Olaf Breuning presents RAIN, an exhibition of colorful new woodcut landscape paintings and carved stone sculptures that draw upon the natural world to consider the pressing environmental concerns we face today.
Breuning returns to a more raw mode of production for his paintings, using rough-hewn, chainsaw-cut woodblocks to stamp out vivid and chaotic compositions. The imagery made with the carved blocks––shapes of waves, stars, raindrops, and blades of grass––conjures a time before technology was at the heart of our lives, when we lived more in tune with our natural surroundings. Evoking meteorological maps of turbulent weather, the paintings are a metaphor for the rapid pace at which climate change is affecting our environment, which is in constant disarray. The artist hopes that they are also a call to action, or at the very least, a reason to rethink our relationship with nature and the consequences of our actions.

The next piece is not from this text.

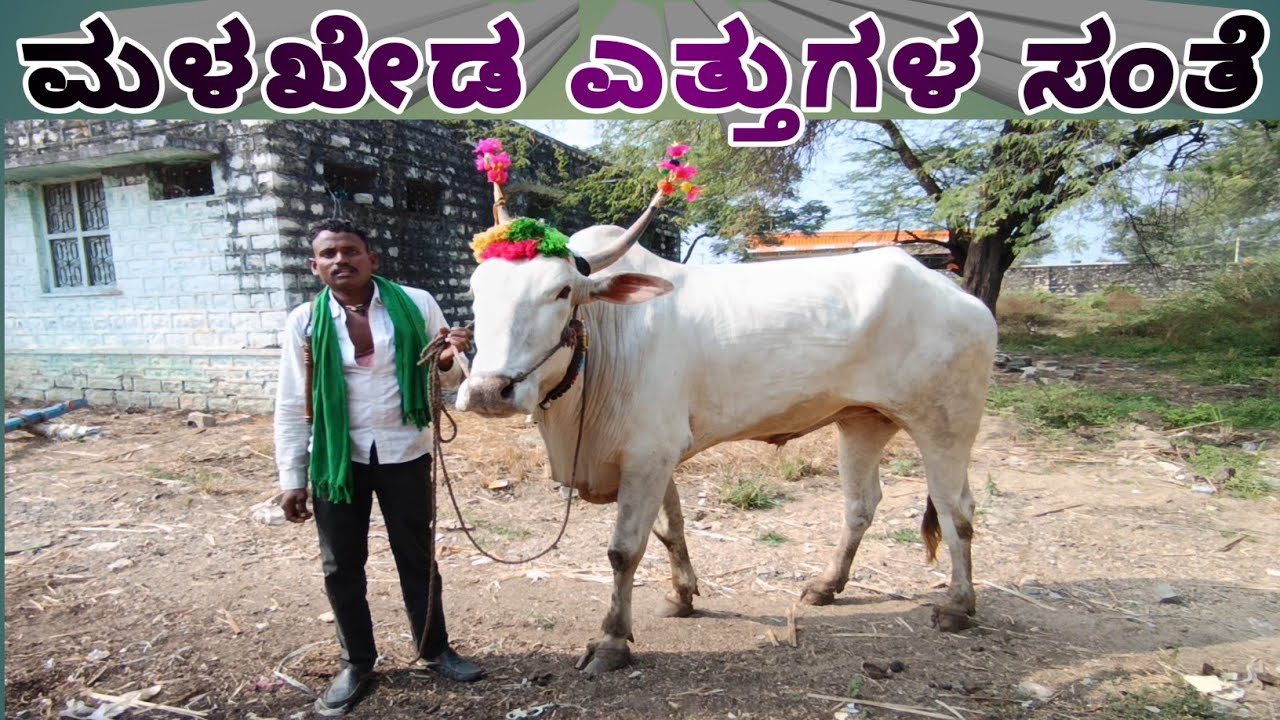 02-12-2025 Malkhed Ox Market | Cattle Market | Bullocks Market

The carved stone sculptures in the exhibtition are from a series called Sad and Worried Animals. These works attempt to imagine that the animals comprehend the processes altering their habitats and humanity's destructive impact on the environment. The sculptures all have large, colorful glass eyes and sad expressions, as if they are anticipating terrible things to come.
Olaf Breuning was born in 1970 in Schaffhausen, Switzerland, and lives and works in New York. He was the subject of a major retrospective at the NRW-Forum Düsseldorf in 2016. Additionally, he has had one-person exhibitions at Palais de Tokyo, Paris; Chisenhale Gallery, London; Kunstverein Freiburg, Germany; Kunsthall Stavanger, Norway; and the Paul Klee Museum, Bern. Public exhibitions of his work include the Public Art Fund commission Clouds, Doris C. Freedman Plaza, Central Park, New York, as well as the Public Art Fund exhibition Lightness of Being, City Hall Park, New York. He participated in the 2008 Whitney Biennial and has been featured in group exhibitions at the Museum of Modern Art, New York; Pompidou Center, Paris; Haus der Kunst, Munich; Kunsthalle Zurich; Walker Art Center, Minneapolis; Jeu de Paume, Paris; KW Institute for Contemporary Art, Berlin; Whitechapel Gallery, London; and the Mori Art Museum, Tokyo.